Survey gives MU 3 out of 5 stars in LGBTQ-friendliness
Student life and support and institutional commitment were MU's highest-rated areas.
Published Aug. 17, 2010
A nationwide survey ranking colleges’ friendliness toward the Lesbian Gay Bisexual Transgender Queer and Questioning community gave MU three out of five stars last week.
LGBTQ Resource Center Coordinator Ryan Black said he feels MU’s ratings are “for the most part, accurate.” Black said it is up to colleges to take the initiative to answer the survey questions and then each school is ranked out of five stars in each category.
The goal of the Campus Pride organization that heads campusclimateindex.org is to foster programs and resources to support LGBTQ college students across the country, according to its website, campuspride.org. Campus Pride did not return requests for comment about MU’s rankings.
Black said MU is moving up on the scale, having been ranked at two and a half stars in 2007. He also said since he submitted answers to the survey questions this past January, improvements have been made to MU’s campus that would have changed some of the information.
Although MU has climbed in rankings, Black said there is still work to be done on campus to further make MU LGBTQ-friendly. Black said although LGBTQ students are accepted with “verbiage” and from faculty and campus resources, there is more to be done with formally being LGBTQ-friendly.
Black also said he does not feel MU’s ratings in specific areas will give the university a negative image.
“I think there were positive and negative ratings pointed out,” Black said. “Our weakest areas were policy and safety.”

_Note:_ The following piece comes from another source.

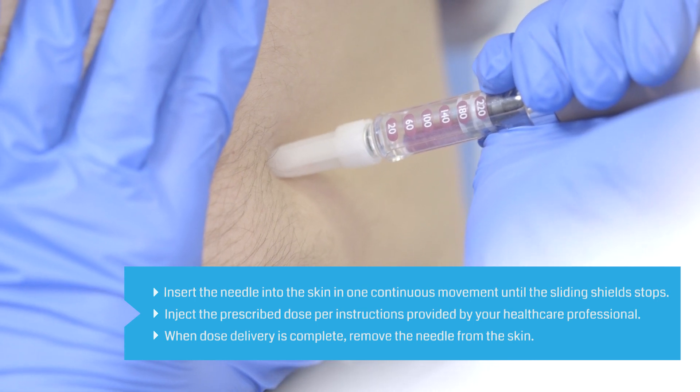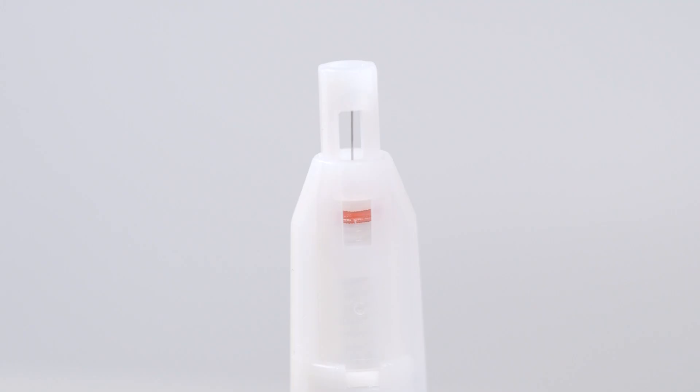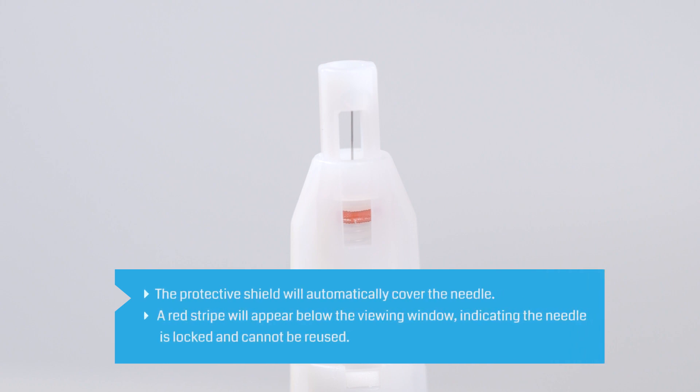After the injection, carefully remove the needle from the skin. The protective shield will automatically cover the needle. A red stripe will appear below the viewing window, indicating that the needle is locked and cannot be reused.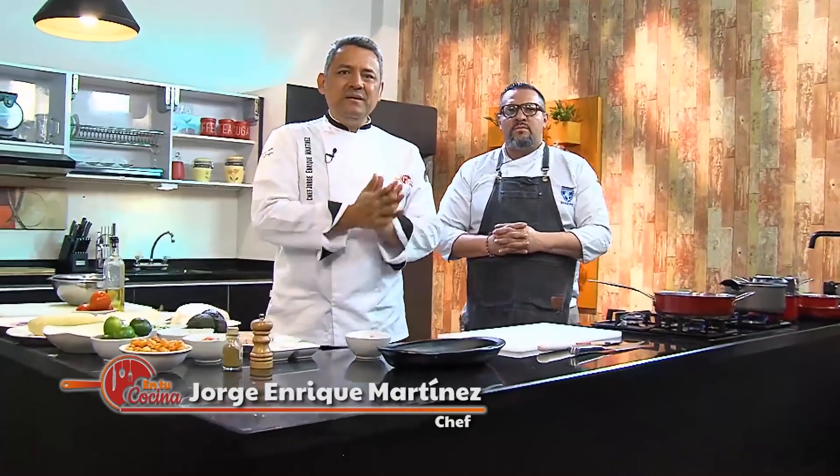Hello friends, welcome to Tu Cocina. Today we have a guest, Saúl Valdés, a chef recognized nationally and internationally. Saúl, welcome. Good morning, Jorge, good morning to the audience in Tu Cocina — super happy to be with you today.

Out of five stars, Campusclimateindex.org gave MU one and a half stars for policy inclusion and residential life, two stars for campus safety, two and a half stars for recruitment and retention efforts and academic life and four stars for counseling and health. MU received a five-star rating for student life and support and institutional commitment.

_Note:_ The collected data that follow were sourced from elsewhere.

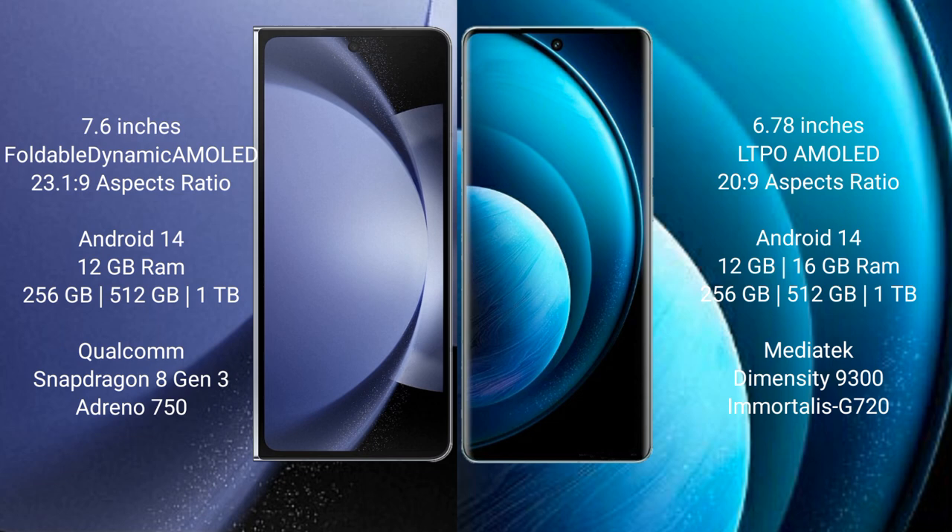Samsung Galaxy Z Fold 6 comes with 12GB RAM and 256GB, 512GB, or 1TB internal storage. It features a Qualcomm Snapdragon 8 Gen 3 processor with an Adreno 750 GPU.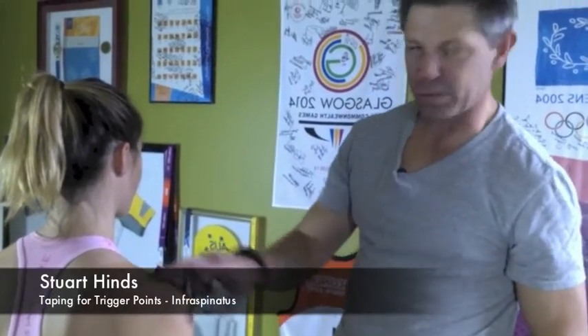So infraspinatus now, which is the sister to our supraspinatus, but obviously now it's in the posterior portion. Once again, this needs to be on stretch.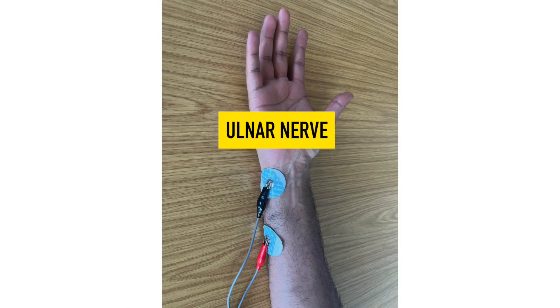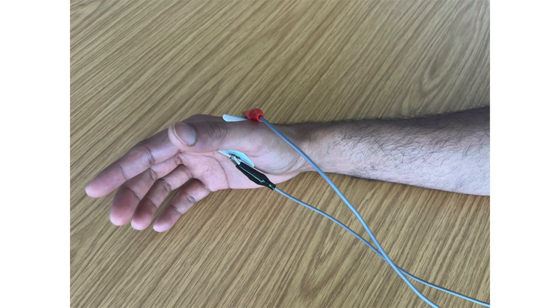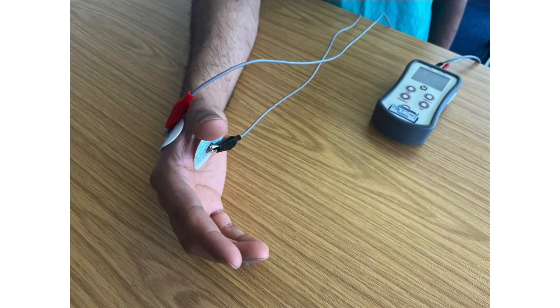The ulnar nerve: the leads should be placed either along the medial aspect of the distal forearm, over the sulcus of the medial epicondyle of the humerus, or on the hand by placing the negative electrode onto the palm between the base of the thumb and the second finger, and the positive electrode in the same position on the dorsal side of the hand.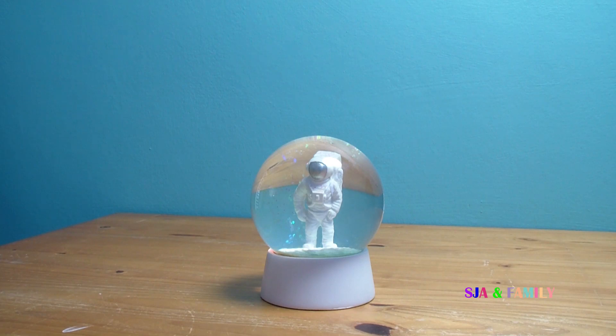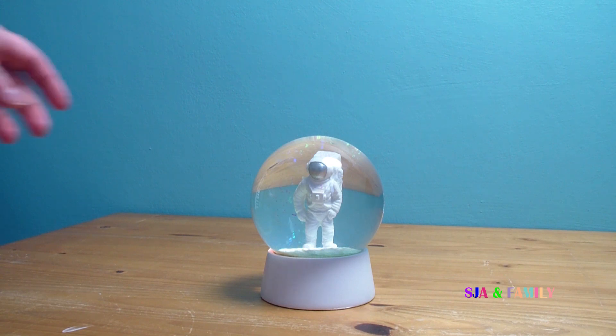Hi and welcome to today's video. Today we are going to have a look and review an astronaut snow globe. Let's have a look.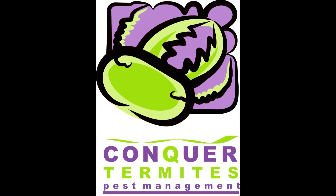In this video I'm going to be teaching you how to make your own termite detection tool. David Bell here from Conker Termites on the Gold Coast, teaching you, the homeowner, how to make something you can use to do your own termite inspection around your home.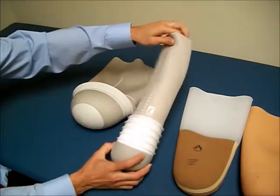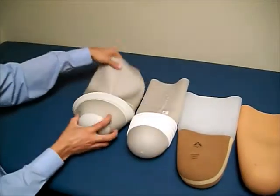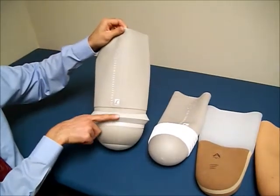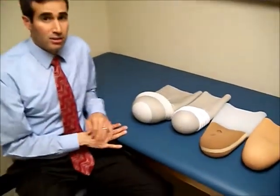For those it does work with, it can work very well. This one is more commonly used with below-the-knee amputees. This style here is designed specifically for above-the-knee amputees, and you will get an airtight socket from this seal down. Those are some neat designs that are available.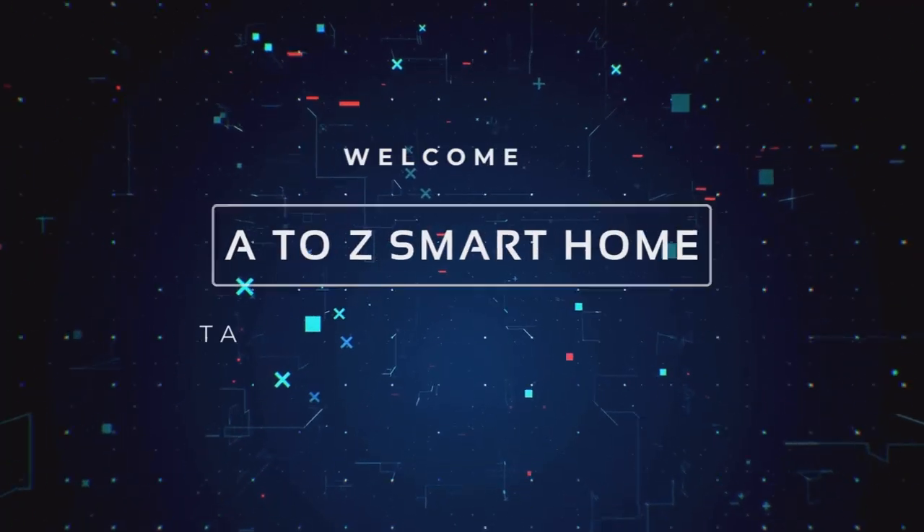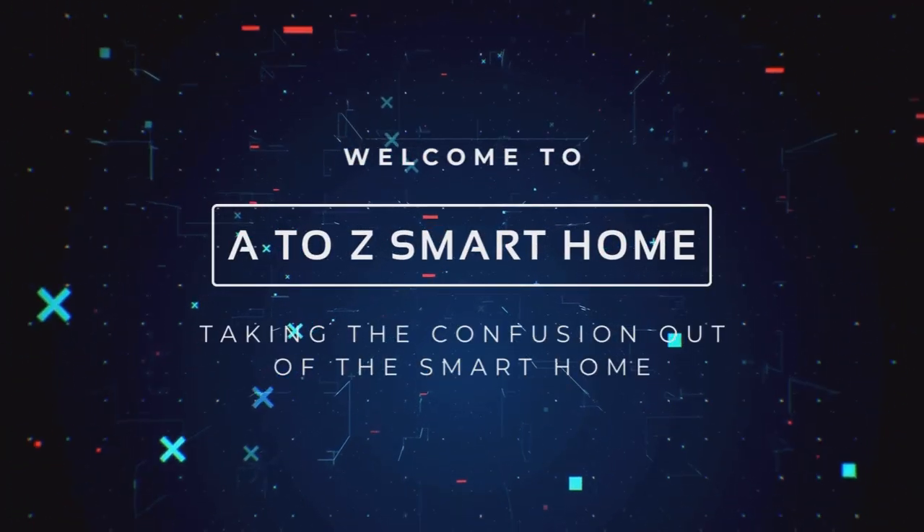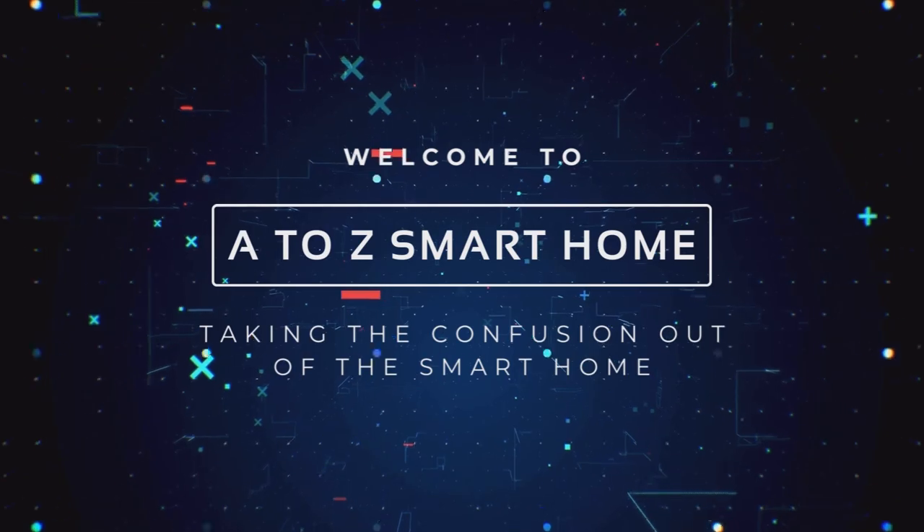Today we're going to talk about something that's a little bit overlooked, and that's power. Hey guys, welcome to the channel. Robert here again with A to Z Smart Home.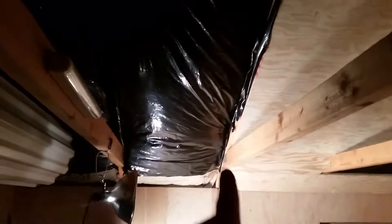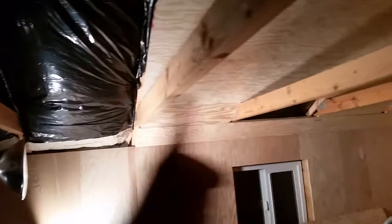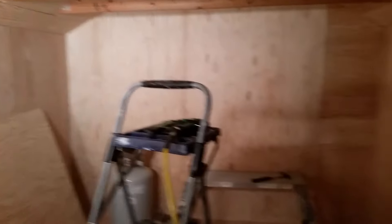I used 5/8 plywood, insulated, and plastic wrapped. What I'm going to do is put one more piece here, then put a wall right here on the top side, and use these two rafters as storage above me, plus a little skylight. It turned out pretty good.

Two other areas in the survey were sexual orientation and gender identity and expression, for which MU received three and a half and one and a half stars respectively. Black said MU lacks in the inclusion of sexual identity.
MU Police Department Captain Brian Weimer said no matter how a student is defined by race or sexual orientation, hate crimes in every situation are handled the same.
“Our job is to get the facts and get them assistance,” Weimer said.